Nach einer kurzen Gipfelrast stiegen wir ab und folgten im untern Teil dem Rande des Gletschers, wo geheimnisvolle Eishöhlen uns begeisterten.
Am Mittwoch wurde unsere Widerstandskraft auf die Probe gestellt, als wir von der Laguna del Suero hinüberwechselten zum Fusse des Pico Bolivars. Acht Stunden Marsch, wiederum mit dem gesamten Gepäck, durch Geröllhalden auf 4600 Metern, bei einer alles austrocknenden Luftfeuchtigkeit von 13% und gebeugt unter den schweren Säcken, wurde dieser Tag zu einer richtigen Härteprüfung. Doch auch diese fand ihr Ende, und vor dem Einnachten stellten wir die Zelte neben den Ruinen des Refugios « Albornoz » auf. Der Schlaf war unruhig, denn der nächste Tag sollte ja das grosse Ereignis bringen, die Besteigung des höchsten Gipfels Venezuelas, der nach dem Befreier Simon Bolivar heisst und schon deshalb jedem Venezolaner heilig ist.

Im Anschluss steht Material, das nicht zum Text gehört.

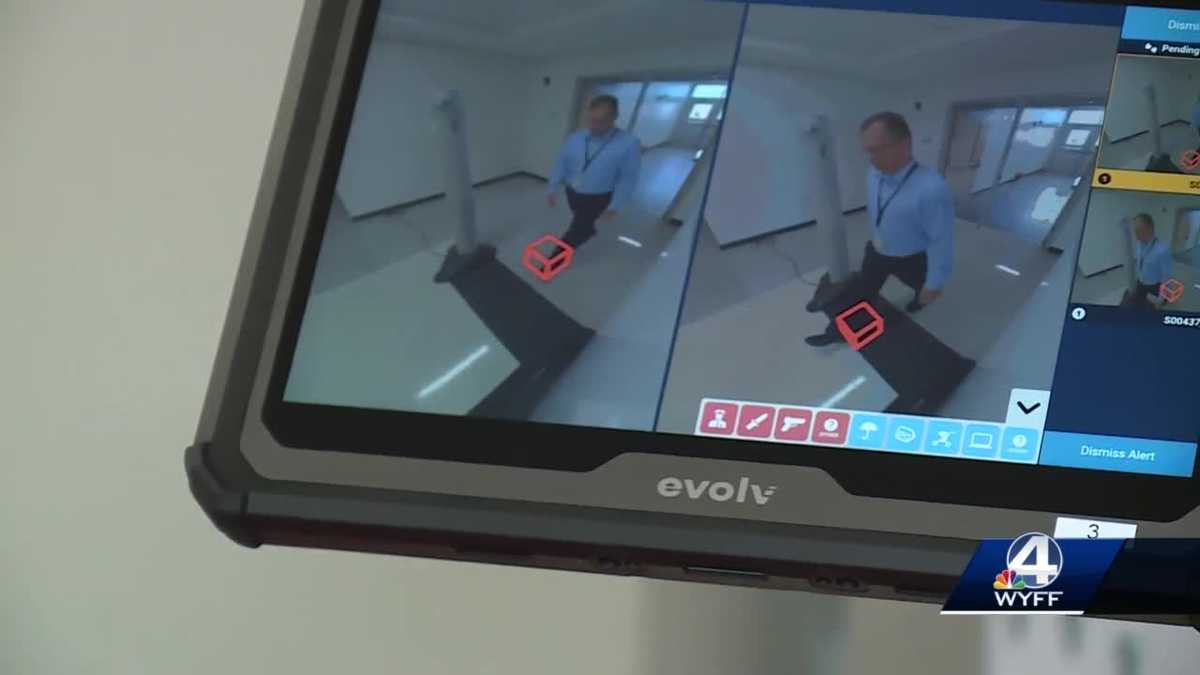 Greenville County School District shows weapons detection system - WYFF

Noch vor dem Morgengrauen waren wir auf den Beinen, schlugen das Eis vom Gletscherbach, liessen uns den heissen Kaffee munden und begannen bald darauf den Aufstieg. Während einer Stunde marschierten wir entlang der Randmoräne des Glaciar de Timoncito, bis wir dann, der Route Weiss folgend, im Couloir zusehends an Höhe gewannen. Obwohl wir keinen Schwierigkeiten begegneten, kamen wir nur langsam vorwärts, denn auf dieser Höhe steht man nach jedem Schritt still, um zweimal tief zu atmen! Gegen elf Uhr erreichten wir den Grat, der den Blick hinunter ins Tal von Mérida erlaubt, und nach kurzer, luftiger Kletterei standen wir auf dem Gipfel neben der Statue des « Libertadors ».
Schweigend genossen wir die Gipfelrast, dankbar dafür, das lange ersehnte Ziel erreicht zu haben.
Der Abstieg bot keine Probleme und beim Lagerplatz angekommen, fühlten wir uns noch so frisch, dass wir gleich die Zelte abbrachen und den eine Wegstunde entfernten Pico Espejo ansteuerten, wo eine Hütte bequemere Unterkunft versprach. Vierzehn Stunden schliefen wir tief und selig, und erst gegen elf Uhr weckten uns Touristen, die von Mérida heraufgekommen waren. Wie wir hörten, dass die Seilbahn in Betrieb sei ( normalerweise fährt sie nur Samstag und Sonntag ), packten wir rasch unsere Rucksäcke, um noch am gleichen Tag ins Tal fahren zu können.
Wir verbrachten eine letzte Nacht in Mérida und fuhren dann zurück in die Hauptstadt, alle zufrieden und stolz über die Erlebnisse in hohen Bergen.